Though it’s headquartered in a different state, KOB is on the ground in La Plata County when big news breaks, she says, and is there covering local news for the community. In 2015, when a major mine spill turned a La Plata County river mustard yellow, KOB was quickly over the scene in its helicopter, sharing photos and videos with outlets in Colorado. “We’ve been delivering a service to that community for decades,” Donaldson says. “When it comes to having a local news commitment, we’re doing that.” If the FCC alters the media market in a way that limits KOB’s satellite service to La Plata, Donaldson argues, residents there could be left with less local news than before.
“The whole issue opens a can of worms not just for the Colorado and New Mexico state line,” she says. “These markets in these orphan counties are all over our country. And it gets back to the heart of how do you define community?”

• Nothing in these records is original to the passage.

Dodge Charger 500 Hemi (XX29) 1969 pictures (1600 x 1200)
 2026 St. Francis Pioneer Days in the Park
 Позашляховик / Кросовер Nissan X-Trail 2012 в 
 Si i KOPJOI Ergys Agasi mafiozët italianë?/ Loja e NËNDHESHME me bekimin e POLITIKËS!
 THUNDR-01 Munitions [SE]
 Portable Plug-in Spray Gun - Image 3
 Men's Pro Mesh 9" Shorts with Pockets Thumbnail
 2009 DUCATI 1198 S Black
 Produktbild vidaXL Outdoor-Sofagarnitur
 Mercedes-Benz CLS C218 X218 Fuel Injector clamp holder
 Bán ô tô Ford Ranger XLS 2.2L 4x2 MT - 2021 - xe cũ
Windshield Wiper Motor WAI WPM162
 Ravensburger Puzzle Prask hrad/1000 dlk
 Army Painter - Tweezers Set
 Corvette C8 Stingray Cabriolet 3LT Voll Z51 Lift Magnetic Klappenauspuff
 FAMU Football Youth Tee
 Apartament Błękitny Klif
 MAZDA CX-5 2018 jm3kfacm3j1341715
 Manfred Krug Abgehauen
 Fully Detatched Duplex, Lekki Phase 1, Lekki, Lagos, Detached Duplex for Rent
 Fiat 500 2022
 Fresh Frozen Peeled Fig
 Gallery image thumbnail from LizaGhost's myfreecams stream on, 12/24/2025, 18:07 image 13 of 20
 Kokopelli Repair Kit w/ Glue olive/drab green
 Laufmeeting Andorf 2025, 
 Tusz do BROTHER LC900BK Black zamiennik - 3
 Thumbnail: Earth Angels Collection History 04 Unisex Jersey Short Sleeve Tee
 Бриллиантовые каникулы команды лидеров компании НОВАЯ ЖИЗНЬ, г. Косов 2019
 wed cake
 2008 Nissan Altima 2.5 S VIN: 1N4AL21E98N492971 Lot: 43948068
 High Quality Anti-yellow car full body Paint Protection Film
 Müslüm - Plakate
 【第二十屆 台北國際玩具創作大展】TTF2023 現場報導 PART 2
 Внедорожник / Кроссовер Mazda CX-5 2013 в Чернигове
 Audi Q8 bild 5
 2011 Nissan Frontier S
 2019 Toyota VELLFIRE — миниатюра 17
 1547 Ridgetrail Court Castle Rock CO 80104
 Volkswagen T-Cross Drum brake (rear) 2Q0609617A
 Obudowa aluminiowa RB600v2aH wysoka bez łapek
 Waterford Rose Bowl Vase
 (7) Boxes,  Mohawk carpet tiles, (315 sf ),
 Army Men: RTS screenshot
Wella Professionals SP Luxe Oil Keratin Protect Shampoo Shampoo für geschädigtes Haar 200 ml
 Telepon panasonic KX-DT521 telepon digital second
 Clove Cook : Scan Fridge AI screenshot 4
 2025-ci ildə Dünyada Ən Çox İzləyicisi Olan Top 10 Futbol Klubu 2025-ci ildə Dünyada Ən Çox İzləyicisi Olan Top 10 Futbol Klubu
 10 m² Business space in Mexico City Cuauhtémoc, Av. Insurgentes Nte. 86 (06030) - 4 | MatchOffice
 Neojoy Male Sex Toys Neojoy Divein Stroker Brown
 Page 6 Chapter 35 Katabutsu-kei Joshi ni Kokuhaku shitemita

Even if the FCC rules in La Plata’s favor, the satellite companies wouldn’t be forced to carry Denver programming into the county; they would merely have the ability.
LAST YEAR, as statewide political campaigns burned up the airwaves and backroads of Colorado, Phil Weiser was on a campaign swing through southwestern Colorado. Weiser, a former telecommunications lawyer and an Obama-era Justice Department appointee, was running for the state Attorney General’s office. In Durango, he got an earful from residents about what it’s like living in an orphan county. He heard it again when he sat for a meeting with the Herald’s editorial board.
“This is a pain point for them,” Weiser tells CJR about the Coloradans who have satellite dishes and can’t get Denver TV. He acknowledges that not being able to watch Broncos football is part of that pain, but so is the news coverage. During his campaign, Weiser told voters and the editorial board that he would do what he could if they helped elect him. He won in a blue wave election year for Colorado, earning about 4,000 more votes in La Plata County than his opponent. (He lost neighboring Montezuma, Colorado’s only other orphan county.)
In March, Weiser flew to Washington and met with FCC Chairman Ajit Pai. Weiser says he urged Pai to take up the matter quickly and rule in La Plata’s favor. Should the FCC do so, then Weiser says he’ll try and convene Denver broadcasters and two satellite companies, DISH Network and DirecTV, to work out arrangements. But spokespeople for the satellite companies say they are taking a wait-and-see approach until the FCC makes a decision, which it has so far declined to do. Even if the FCC rules in La Plata’s favor, the satellite companies wouldn’t be forced to carry Denver programming into the county; they would merely have the ability.
Weiser says he left his meeting with Pai “very comforted that this is on their agenda and we are going to see action.”
Three years ago, when La Plata first petitioned the FCC, the county argued it was a timely request given that 2016 was an election year. Since then Colorado has held two statewide general elections, and is gearing up for a third in November that will include a US Senate contest, legislative races, and whatever statewide ballot initiatives might emerge.
“In theory, they can just sit and do nothing,” Weiser says of the commission. “The FCC unfortunately isn’t always a model of alacrity in their decision making. Part of why it’s important that we be applying pressure, voicing our concerns, is we need the FCC to act.”
This story was updated with a comment from Nielsen.